We call on the Committee to resist the headlong rush to replace the NCA but undertake a comprehensive examination of the proposed replacement organisation. The arguments put forward to justify the NCA’s replacement do not hold water. Experience strongly suggests that the replacement commission would be less rather than more effective than the NCA in investigating crime. The growing international dimension of organised crime argues for the strengthening of the NCA’s independent status, not its destruction.

It is clear that there need to be co-ordinated changes to both law enforcement and other policies to tackle the transnational organised crime that menaces Australia.

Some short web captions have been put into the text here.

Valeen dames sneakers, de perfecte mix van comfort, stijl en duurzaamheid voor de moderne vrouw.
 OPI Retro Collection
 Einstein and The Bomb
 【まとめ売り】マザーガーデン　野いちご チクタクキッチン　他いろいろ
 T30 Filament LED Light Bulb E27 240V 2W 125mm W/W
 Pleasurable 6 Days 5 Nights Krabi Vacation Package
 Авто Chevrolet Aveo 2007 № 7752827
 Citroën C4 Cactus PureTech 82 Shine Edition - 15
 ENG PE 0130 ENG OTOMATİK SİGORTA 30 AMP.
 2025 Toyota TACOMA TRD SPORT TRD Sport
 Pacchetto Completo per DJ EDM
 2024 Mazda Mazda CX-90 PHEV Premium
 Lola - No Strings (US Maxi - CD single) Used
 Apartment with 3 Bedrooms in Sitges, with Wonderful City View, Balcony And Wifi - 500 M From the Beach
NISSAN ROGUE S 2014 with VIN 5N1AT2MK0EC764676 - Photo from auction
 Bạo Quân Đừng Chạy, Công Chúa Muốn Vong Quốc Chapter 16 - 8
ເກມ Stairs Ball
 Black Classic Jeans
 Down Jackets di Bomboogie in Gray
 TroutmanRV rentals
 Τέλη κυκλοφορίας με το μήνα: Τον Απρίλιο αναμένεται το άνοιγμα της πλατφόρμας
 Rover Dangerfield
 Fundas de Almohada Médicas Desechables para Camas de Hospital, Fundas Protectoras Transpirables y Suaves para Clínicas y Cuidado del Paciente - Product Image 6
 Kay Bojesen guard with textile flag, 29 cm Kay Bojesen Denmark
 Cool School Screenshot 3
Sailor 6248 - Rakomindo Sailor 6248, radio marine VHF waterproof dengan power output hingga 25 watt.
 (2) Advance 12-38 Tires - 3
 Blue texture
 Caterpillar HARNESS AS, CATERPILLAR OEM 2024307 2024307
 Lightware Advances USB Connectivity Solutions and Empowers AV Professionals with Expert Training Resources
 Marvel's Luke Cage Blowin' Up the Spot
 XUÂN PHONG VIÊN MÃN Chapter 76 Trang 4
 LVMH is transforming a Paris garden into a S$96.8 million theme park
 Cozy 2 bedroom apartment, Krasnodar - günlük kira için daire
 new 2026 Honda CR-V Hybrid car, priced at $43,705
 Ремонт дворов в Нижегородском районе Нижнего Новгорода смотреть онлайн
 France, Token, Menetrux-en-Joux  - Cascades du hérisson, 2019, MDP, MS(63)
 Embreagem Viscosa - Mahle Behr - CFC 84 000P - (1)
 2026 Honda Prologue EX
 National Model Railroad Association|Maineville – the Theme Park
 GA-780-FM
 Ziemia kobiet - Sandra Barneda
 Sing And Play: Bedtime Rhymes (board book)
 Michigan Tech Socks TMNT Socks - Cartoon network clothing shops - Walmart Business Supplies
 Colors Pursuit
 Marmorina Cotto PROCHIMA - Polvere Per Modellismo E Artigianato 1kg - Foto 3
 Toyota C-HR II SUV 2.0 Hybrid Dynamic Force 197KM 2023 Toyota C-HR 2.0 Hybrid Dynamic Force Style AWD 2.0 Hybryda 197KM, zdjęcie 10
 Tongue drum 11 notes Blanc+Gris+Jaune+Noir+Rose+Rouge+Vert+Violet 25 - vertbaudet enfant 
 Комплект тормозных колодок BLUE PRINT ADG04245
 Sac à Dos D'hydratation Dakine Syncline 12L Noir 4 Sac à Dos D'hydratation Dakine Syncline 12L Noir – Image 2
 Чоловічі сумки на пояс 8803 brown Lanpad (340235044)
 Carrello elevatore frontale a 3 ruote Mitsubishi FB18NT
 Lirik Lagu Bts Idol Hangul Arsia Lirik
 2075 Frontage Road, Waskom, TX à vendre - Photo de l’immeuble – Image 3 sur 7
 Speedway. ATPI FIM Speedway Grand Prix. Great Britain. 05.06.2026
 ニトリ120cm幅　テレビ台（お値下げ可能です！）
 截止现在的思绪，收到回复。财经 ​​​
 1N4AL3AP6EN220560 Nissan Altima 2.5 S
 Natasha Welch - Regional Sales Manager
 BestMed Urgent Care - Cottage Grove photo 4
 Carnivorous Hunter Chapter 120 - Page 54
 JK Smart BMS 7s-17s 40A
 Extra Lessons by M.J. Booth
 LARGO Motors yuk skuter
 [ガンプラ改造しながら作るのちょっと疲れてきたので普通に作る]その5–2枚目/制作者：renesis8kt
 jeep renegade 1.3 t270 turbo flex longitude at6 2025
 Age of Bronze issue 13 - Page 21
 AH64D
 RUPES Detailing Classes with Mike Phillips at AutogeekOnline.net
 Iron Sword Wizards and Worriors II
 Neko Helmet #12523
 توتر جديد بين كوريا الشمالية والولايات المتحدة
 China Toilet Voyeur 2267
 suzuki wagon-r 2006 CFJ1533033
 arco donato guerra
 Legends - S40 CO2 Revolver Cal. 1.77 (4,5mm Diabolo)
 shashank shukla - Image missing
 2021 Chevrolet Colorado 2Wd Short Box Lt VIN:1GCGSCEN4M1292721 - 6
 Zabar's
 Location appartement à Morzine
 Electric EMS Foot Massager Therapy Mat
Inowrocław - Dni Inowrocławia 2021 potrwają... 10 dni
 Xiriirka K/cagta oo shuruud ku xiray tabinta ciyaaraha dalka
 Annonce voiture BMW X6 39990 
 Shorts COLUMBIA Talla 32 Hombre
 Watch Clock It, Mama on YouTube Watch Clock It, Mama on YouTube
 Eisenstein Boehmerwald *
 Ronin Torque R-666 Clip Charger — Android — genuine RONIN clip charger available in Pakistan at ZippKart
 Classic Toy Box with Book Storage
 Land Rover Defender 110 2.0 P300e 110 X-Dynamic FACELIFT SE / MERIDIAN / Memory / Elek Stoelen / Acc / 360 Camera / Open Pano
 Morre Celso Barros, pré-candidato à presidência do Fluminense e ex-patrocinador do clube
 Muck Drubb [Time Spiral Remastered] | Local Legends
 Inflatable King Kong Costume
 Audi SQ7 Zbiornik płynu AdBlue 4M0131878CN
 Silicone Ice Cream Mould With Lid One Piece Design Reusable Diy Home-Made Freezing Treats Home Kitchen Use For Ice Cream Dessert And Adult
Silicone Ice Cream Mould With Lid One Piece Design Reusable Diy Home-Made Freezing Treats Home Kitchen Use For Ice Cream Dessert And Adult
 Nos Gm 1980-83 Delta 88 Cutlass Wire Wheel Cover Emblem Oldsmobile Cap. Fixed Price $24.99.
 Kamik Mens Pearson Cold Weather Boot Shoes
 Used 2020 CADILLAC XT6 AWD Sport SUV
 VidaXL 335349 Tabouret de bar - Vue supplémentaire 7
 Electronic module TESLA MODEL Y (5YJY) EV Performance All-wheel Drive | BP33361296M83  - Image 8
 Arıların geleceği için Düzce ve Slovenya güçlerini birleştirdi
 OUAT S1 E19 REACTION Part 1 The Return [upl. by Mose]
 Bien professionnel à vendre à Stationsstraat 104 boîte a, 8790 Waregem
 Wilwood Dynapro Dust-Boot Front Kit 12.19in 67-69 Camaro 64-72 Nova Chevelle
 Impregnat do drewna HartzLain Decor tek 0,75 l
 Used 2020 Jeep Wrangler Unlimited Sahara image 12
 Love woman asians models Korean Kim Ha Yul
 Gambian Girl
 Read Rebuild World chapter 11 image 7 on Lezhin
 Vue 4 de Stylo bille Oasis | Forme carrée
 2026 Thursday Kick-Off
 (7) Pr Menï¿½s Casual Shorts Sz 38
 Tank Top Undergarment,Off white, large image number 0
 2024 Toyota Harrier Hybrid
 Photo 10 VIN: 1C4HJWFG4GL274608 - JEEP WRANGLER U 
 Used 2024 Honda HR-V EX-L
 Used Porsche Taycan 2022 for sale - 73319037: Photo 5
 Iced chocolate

Replacing the NCA is not a priority task. Legislation to adjust the NCA Act to reflect its most recent (and thorough) review was passed only last year. Of much greater urgency are other measures agreed to by Heads of Government in April such as the development of "the mutual recognition of a national set of powers for cross-border investigations covering controlled operations and assumed identities legislation; electronic surveillance devices; and witness anonymity".

The NCA Act represented a careful balancing of concerns that included effectiveness, protection of civil liberties and answerability. As much care should be taken to ensure similar considerations are reflected in any new commission. Families and Friends for Drug Law Reform urges that the following, among others, be reflected in the Committee’s conclusions:

Families and Friends for Drug Law Reform has reached these conclusions on the basis of a paper it prepared entitled: "Against the National Interest: a critique of the Federal Government’s proposal to replace the National Crime Authority". A copy of this is attached.

Families and Friends for Drug Law Reform requests the opportunity to appear before the Committee.